1. Oil Press, Oil Temp, Volts
2. Oil Press, Volts, EGT
3. Oil Press, Oil Temp, EGT

?


----------



## killrmack (Nov 30, 2005)

Terran200sx said:


> i have room for 3 guages in a custom interior piece i'm making, which is a better combo?
> 
> 1. Oil Press, Oil Temp, Volts
> 2. Oil Press, Volts, EGT
> ...


Just wondering but why cant you make a 4 gauge cluster.


----------



## killrmack (Nov 30, 2005)

Sorry I might of jumped the gun by saying it was a cluster, but what are you working with. I not the best but I'm a decent draftsman on the 3d level. So if you would like to talk design I would be glad to help. That goes for every one else out there.


----------



## trmn8r (Apr 16, 2005)

i personally am goin with turbo, oil pressure, Fuel Pressure.


----------



## Terran200sx (Dec 30, 2004)

Boost can be monitored by the boost controller.
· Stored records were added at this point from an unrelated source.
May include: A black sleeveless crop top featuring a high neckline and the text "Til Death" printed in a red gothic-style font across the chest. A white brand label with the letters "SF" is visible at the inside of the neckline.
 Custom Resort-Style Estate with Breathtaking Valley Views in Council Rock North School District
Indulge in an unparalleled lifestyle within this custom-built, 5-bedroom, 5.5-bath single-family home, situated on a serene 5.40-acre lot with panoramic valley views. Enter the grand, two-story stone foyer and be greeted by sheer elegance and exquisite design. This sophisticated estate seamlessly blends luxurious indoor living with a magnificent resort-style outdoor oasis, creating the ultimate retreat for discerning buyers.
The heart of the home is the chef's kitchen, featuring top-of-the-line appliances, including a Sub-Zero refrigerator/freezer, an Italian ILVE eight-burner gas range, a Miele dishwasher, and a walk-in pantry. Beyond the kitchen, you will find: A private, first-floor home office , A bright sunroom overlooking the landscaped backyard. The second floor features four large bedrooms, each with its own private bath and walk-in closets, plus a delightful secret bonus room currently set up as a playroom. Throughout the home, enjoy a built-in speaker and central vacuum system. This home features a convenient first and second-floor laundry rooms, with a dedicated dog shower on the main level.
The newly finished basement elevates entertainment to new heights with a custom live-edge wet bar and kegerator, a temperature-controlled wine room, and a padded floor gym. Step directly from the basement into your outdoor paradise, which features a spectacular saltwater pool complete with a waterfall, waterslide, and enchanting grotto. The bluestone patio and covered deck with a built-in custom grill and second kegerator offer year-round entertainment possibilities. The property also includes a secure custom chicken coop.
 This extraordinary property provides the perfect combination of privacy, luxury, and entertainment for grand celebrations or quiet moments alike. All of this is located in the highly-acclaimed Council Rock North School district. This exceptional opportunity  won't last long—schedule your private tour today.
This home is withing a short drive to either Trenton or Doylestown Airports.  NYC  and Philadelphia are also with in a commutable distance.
1. Oil Press, Oil Temp, Volts
2. Oil Press, Volts, EGT
3. Oil Press, Oil Temp, EGT


----------



## nosdelux (Dec 8, 2004)

I'm gonna say the first one...simply because the voltmeter has saved my ass when the alternator went and when I was having electrical problems...and since you are running a turbo setup, then oil pressure and temp are very important.


----------



## trmn8r (Apr 16, 2005)

definately need the oil press one. that saved my ass when my turbo oil line busted.


----------



## BoostedSE (Jun 26, 2005)

no need for volts, I'd go oil pressure, water temp, and egt


----------



## Terran200sx (Dec 30, 2004)

in theory why would i need EGT?


----------



## trmn8r (Apr 16, 2005)

Terran200sx said:


> in theory why would i need EGT?


good question? i dunno. thats why i dont have it. maybe someone should try to answer that


----------



## zellx2004 (Sep 30, 2004)

Me either...All I'm going to have is a boost gauge and turbo timer..Everything else will be on the laptop...


----------



## Joel (Jun 11, 2003)

EGT is an indication that your timing is totally out or you are running rich.


----------



## Terran200sx (Dec 30, 2004)

that's what checkengine lights are for


----------



## zellx2004 (Sep 30, 2004)

Wouldn't need it if you had a laptop tellin ya...lol


----------



## Terran200sx (Dec 30, 2004)

I would need a laptop then.


----------



## Joel (Jun 11, 2003)

zellx2004 said:


> Wouldn't need it if you had a laptop tellin ya...lol


Factory sensors suck


----------